Berlusconi, che evitò ai rossoneri le telecronache della Rai, vende allo stato di Mao. I nuovi mondi del Cav. (Il Foglio)
Prima l’inseparabile Fedele Confalonieri che annuncia di votare sì al referendum costituzionale promosso da Matteo Renzi.
Poi la scelta di affidare a un uomo di sinistra come Stefano Parisi la guida di Forza Italia.

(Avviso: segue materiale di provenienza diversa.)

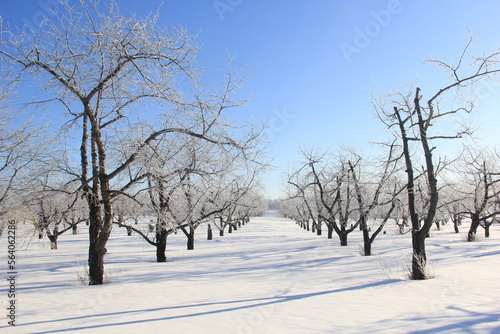 Orchard in winter © John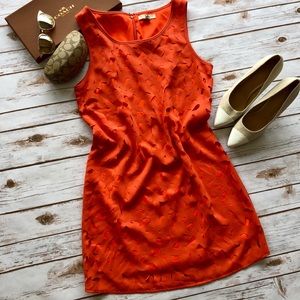 🌸3/$20 Sunburst Orange Geometric Cut Out Shift Dress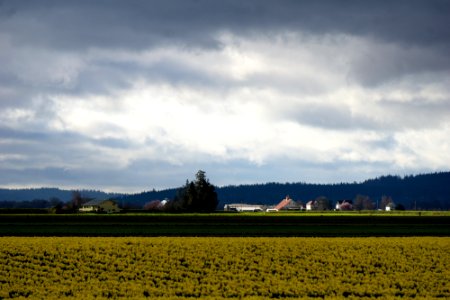 DSC02896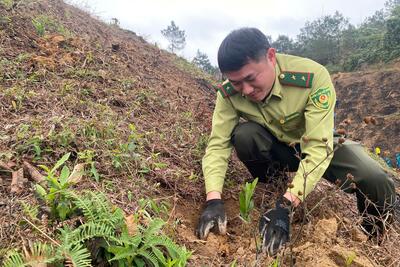 z7556167330921_ab97ec921ebdeee5c42715f1faf9abb6_33b33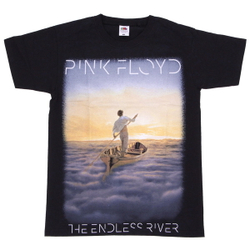 Футболка Pink Floyd The Endless River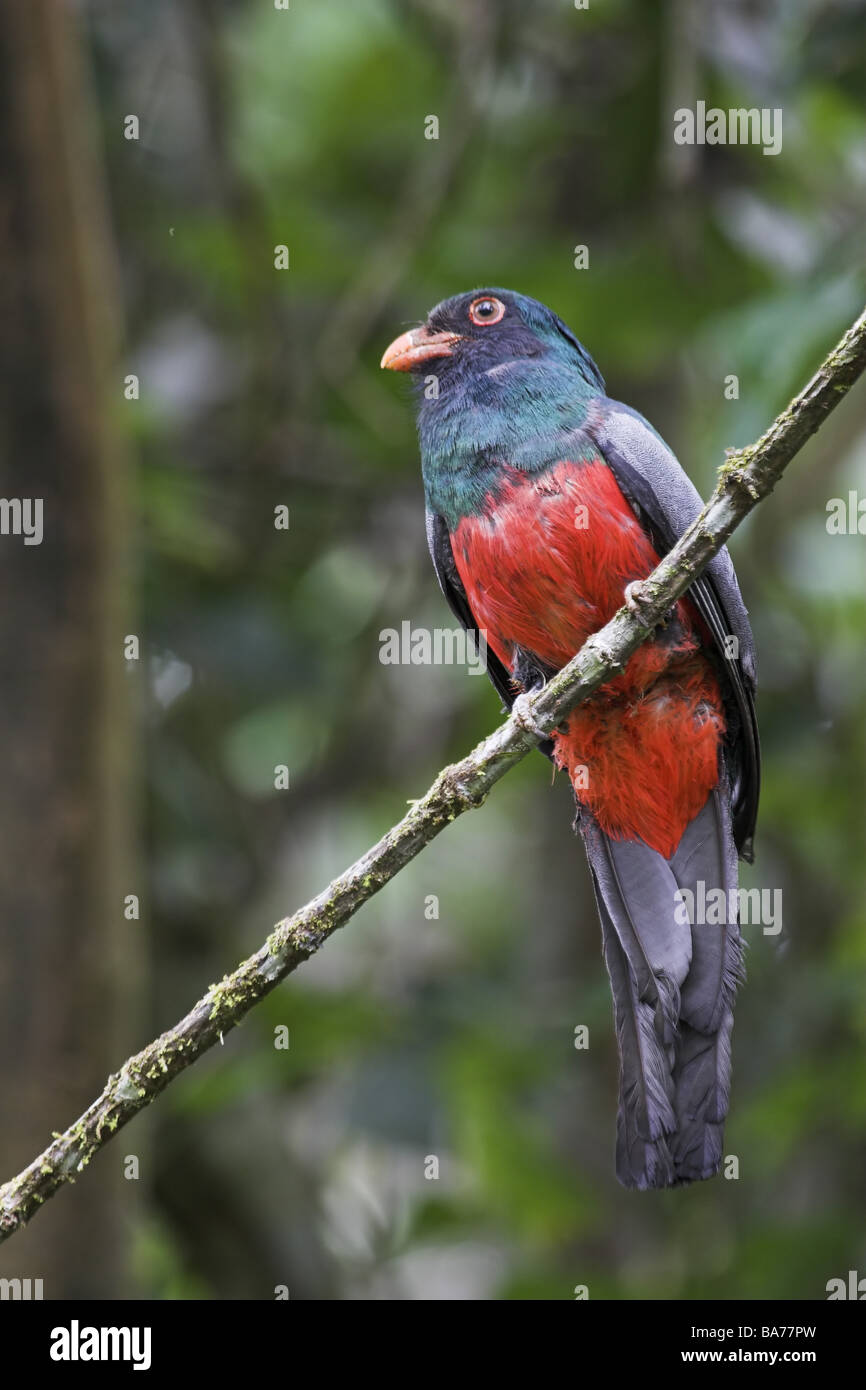 Schieferschwanztrogon Trogon Massena Baum sitzt nicht ausschließlich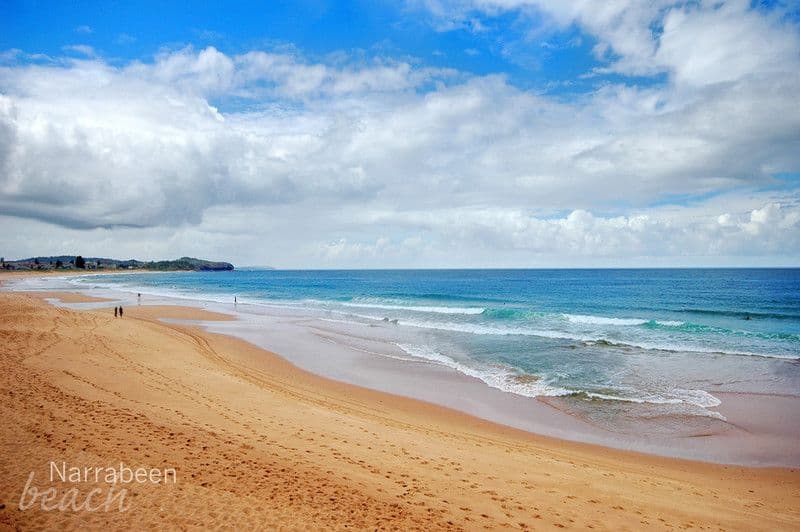11 Wetherill Street, NARRABEEN NSW 2101, Narrabeen - Thumbnail 3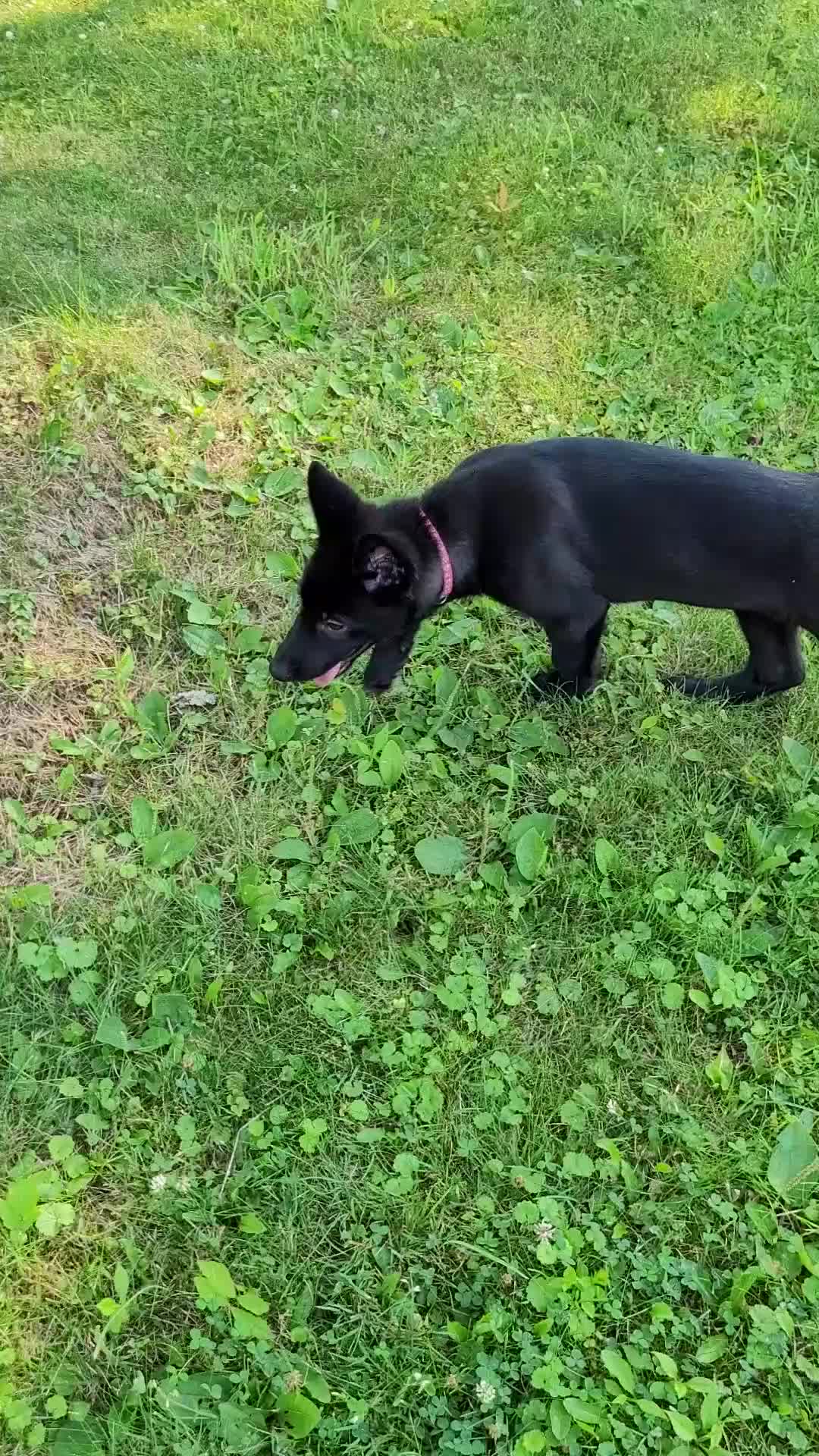 Mixed Breed dogs for sale: Freya - Video 2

Adesso la vendita dell’adorato Milan allo stato cinese, cioè per farla breve al Partito comunista cinese che fu di Mao Zedong.
S’è capovolto il mondo.
Fabio Capello ricorda Silvio Berlusconi come “il miglior presidente del mondo”, Silvano Ramaccioni, una specie di monumento del Milan – organizzava la messa per i calciatori ogni sabato pomeriggio, teneva unito il gruppo, sedeva serio con la sigaretta (fin quando si poteva) in panchina accanto all’allenatore di turno – si dice “addolorato, deluso e disgustato” da quanto successo.
Addirittura, ha tuonato chiamato in causa da qualche sito, “preferirei piuttosto la serie B con Berlusconi che la finale di Champions con i cinesi. Sono milanista da sempre e ora non lo sono più”.
Lo strappo definitivo è immortalato dalla gallery fotografica che pure la casa madre rossonera ha diffuso, a sigilli del trapasso ineluttabile: Silvio Berlusconi, sorridente, che consegna a un signore cinese di nome Han Li (pure lui sorridente) una maglia del Milan stagione 2016-’17. Il cerchio si chiude: il Berlusconi che rivoluzionò tutto, destatalizzando tutto il possibile e sottraendo il suo club perfino al supplizio delle vecchie telecronache della statalissima Rai, ora affida la sua creatura – al 99,3 per cento – allo stato cinese. E va bene che i cinesi non sono più quelli di una volta, che non mettono più i bambini in pentola come s’usava un tempo, ma pur sempre formalmente comunisti restano. Scandalo!